Ceiling lights, or fixtures that are flush with the ceiling rather than hanging lights such as pendants or chandeliers, are the unsung heroes of the ambient lighting category. While other types of fixtures can provide ambient lighting in certain rooms, every home has areas where ceiling lights are the best (and sometimes only) fixture for the job.

The most effective way to layer light in any room is to mix and match different types of lighting fixtures to create a lighting design that meets all of the needs of that room. Each room requires a well-balanced mix of ambient, task, and accent lighting.

  • Task lighting, which is frequently provided by pendants or adjustable floor lamps, directs light directly at your workspace.
  • Accent lighting, such as picture lights, draws attention to your room’s unique decor and architectural features.
  • Ambient lighting, which includes ceiling lights, creates a layer of light that fills and brightens a room. When a room has adequate general ambient lighting, the other lighting layers become more effective, and the room is more pleasant to use because harsh shadows and eyestrain are reduced.

How far apart do you put beams on the ceiling?

It is a matter of personal taste. The majority of customers install wood ceiling beams with a spacing of 2 to 8 feet.
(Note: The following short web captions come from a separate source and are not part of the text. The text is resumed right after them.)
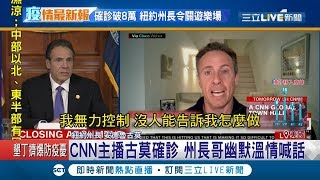 CNN主播古莫確診肺炎...紐約州州長哥幽默曝:我愛他｜【國際大現場】20200402｜三立新聞台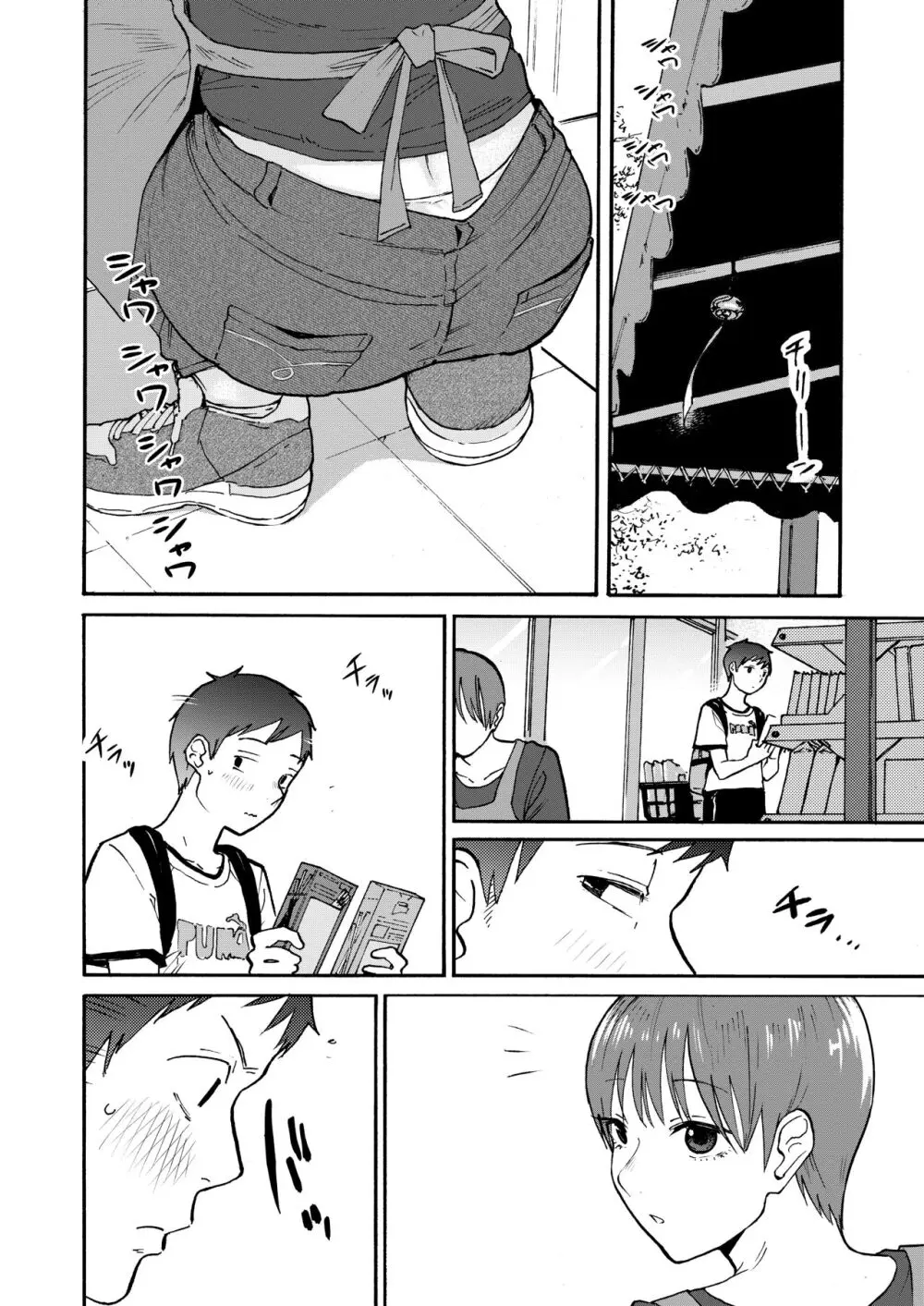 あの納屋 〜ぼくが見たことないおばさんの夜の姿〜 Page.40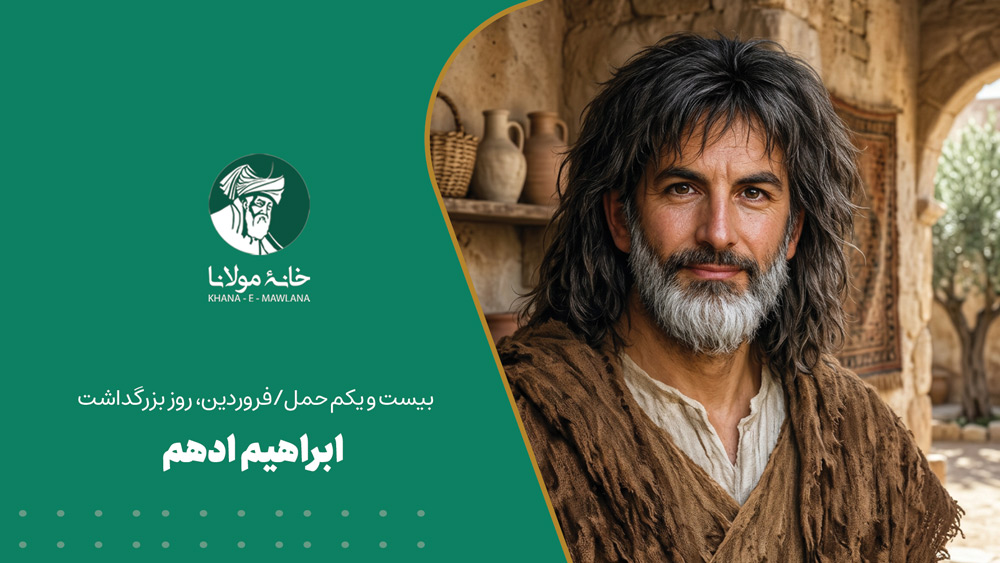 ابراهیم ادهم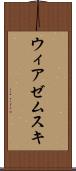 ウィアゼムスキ Scroll
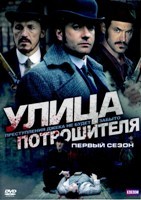 Улица потрошителя - DVD - 1 сезон, 8 серий. 4 двд-р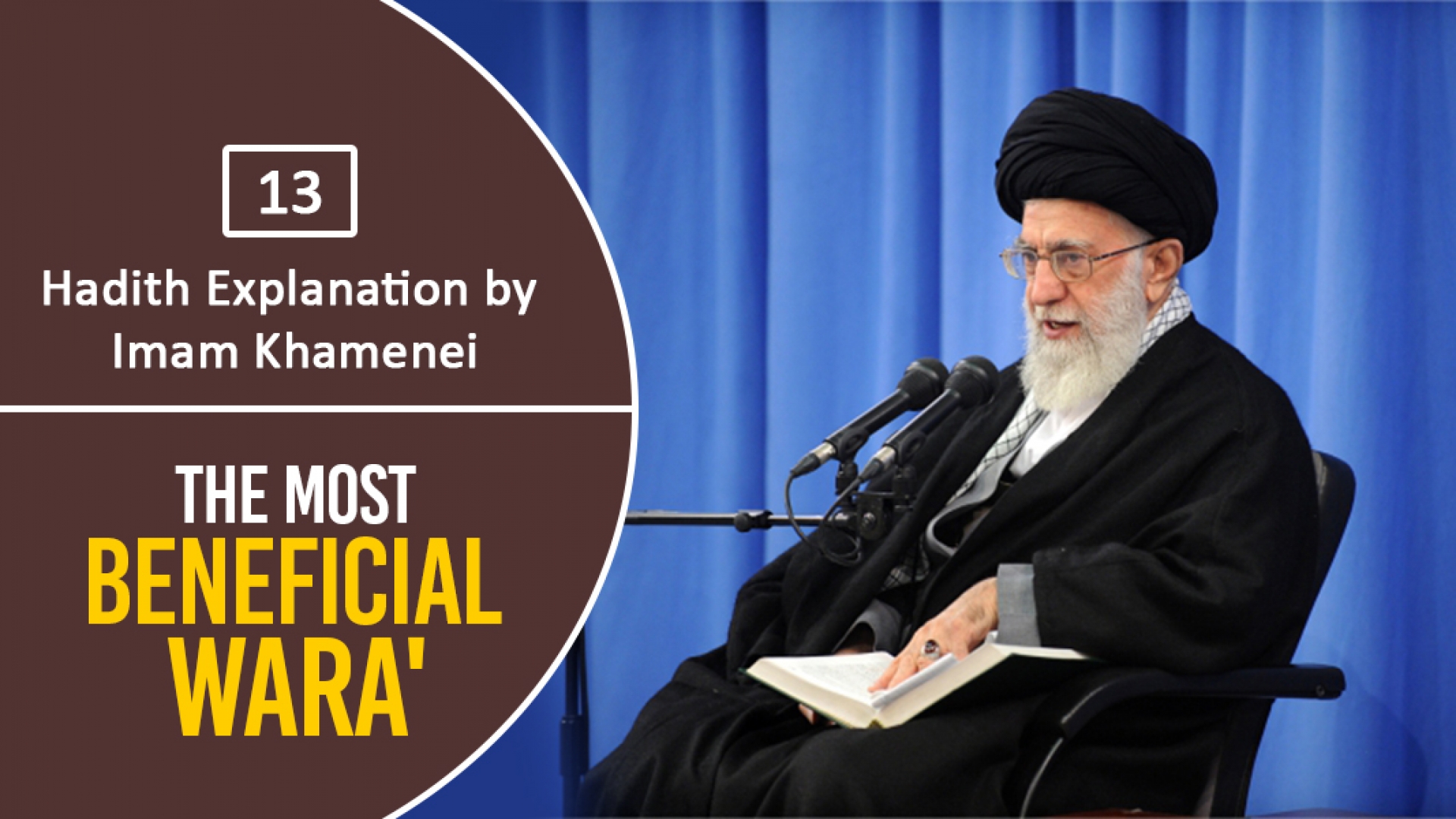 [13] Hadith Explanation by Imam Khamenei | The Most Beneficial WARA\' | Farsi sub English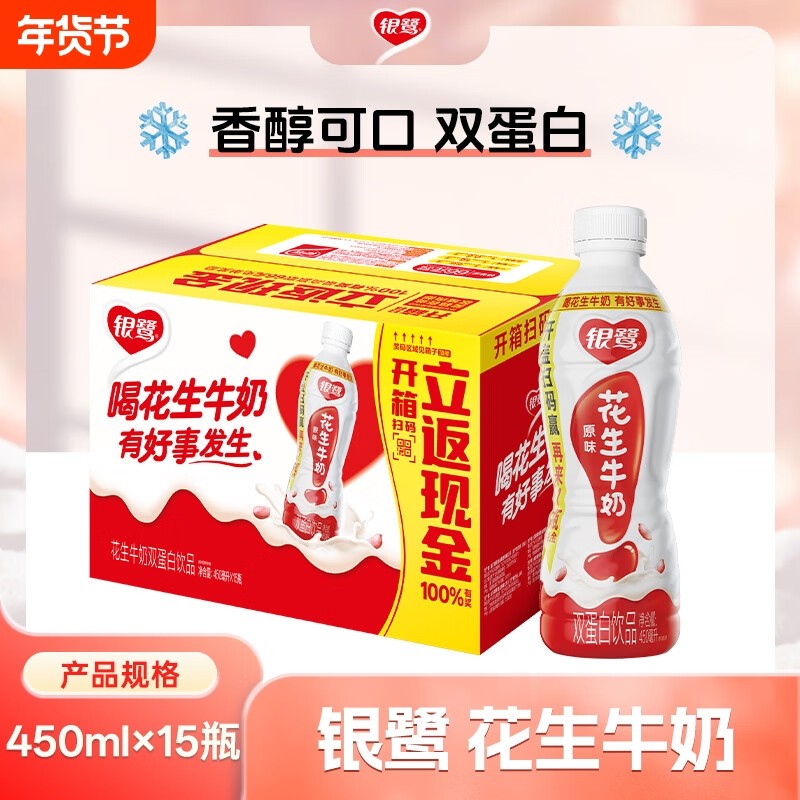 银鹭花生牛奶450ml*15瓶整箱装奶饮品蛋白饮料包装儿童奶大瓶瓶装,咖啡/麦片/冲饮,植物蛋白饮料/植物奶/植物酸奶,淘宝优惠券,粉丝福利购,淘宝优惠卷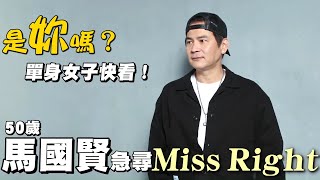 50歲馬國賢誠意徵婚開5條件 2年後結婚拼生2娃 #專訪 | 台灣 蘋果新聞網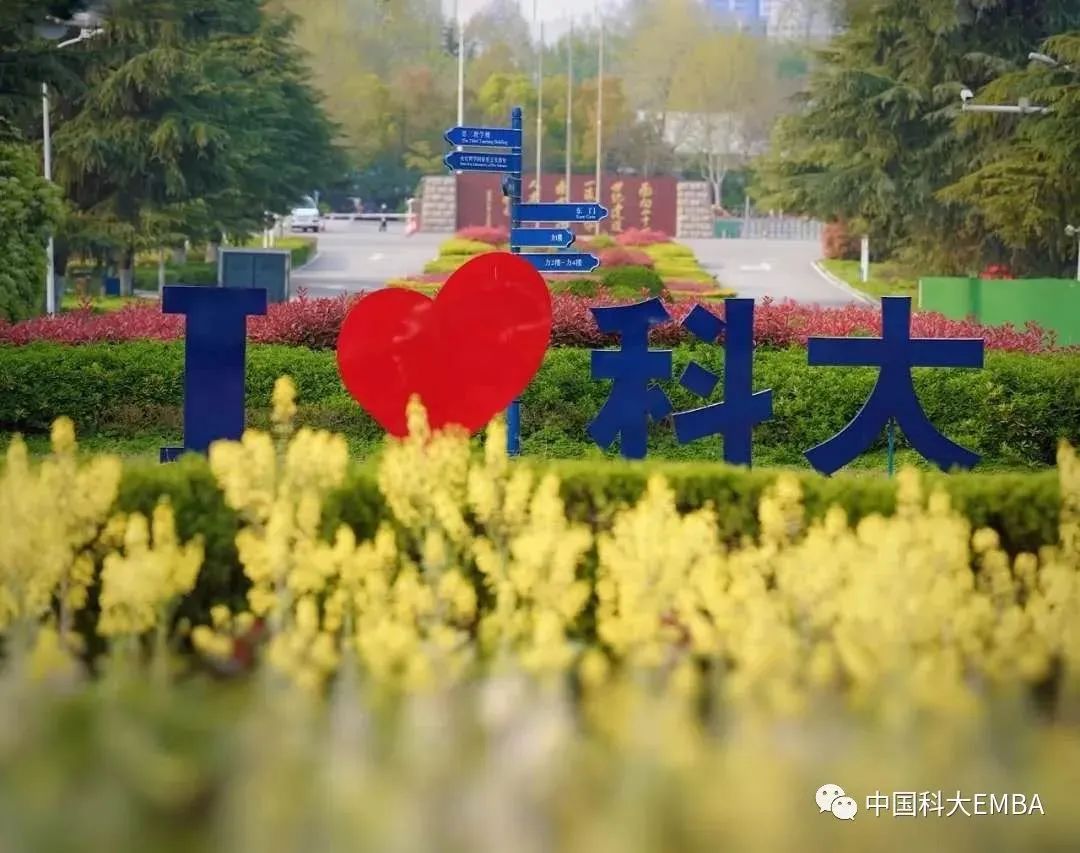 中國科學技術大學2026級非全日制科創EMBA招生通知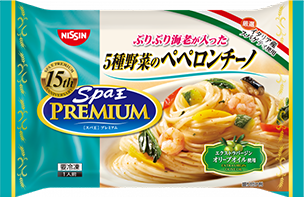 冷凍 日清スパ王プレミアム 5種野菜のペペロンチーノ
The most common spacing is four feet. Decorative beams are typically spaced fairly widely, say three or more feet apart. The decorative beams’ width and depth should be proportional to the size of the room. The wider and deeper the beams, the larger the room and the higher the ceiling.


We hope this article has been helpful in determining the best lighting for exposed ceiling. At the same time, with the tips in this guide, you’ll be able to tackle your latest lighting project like a pro, determining exactly what type of ceiling light you’ll require and the best ceiling light placement for the exposed ceiling!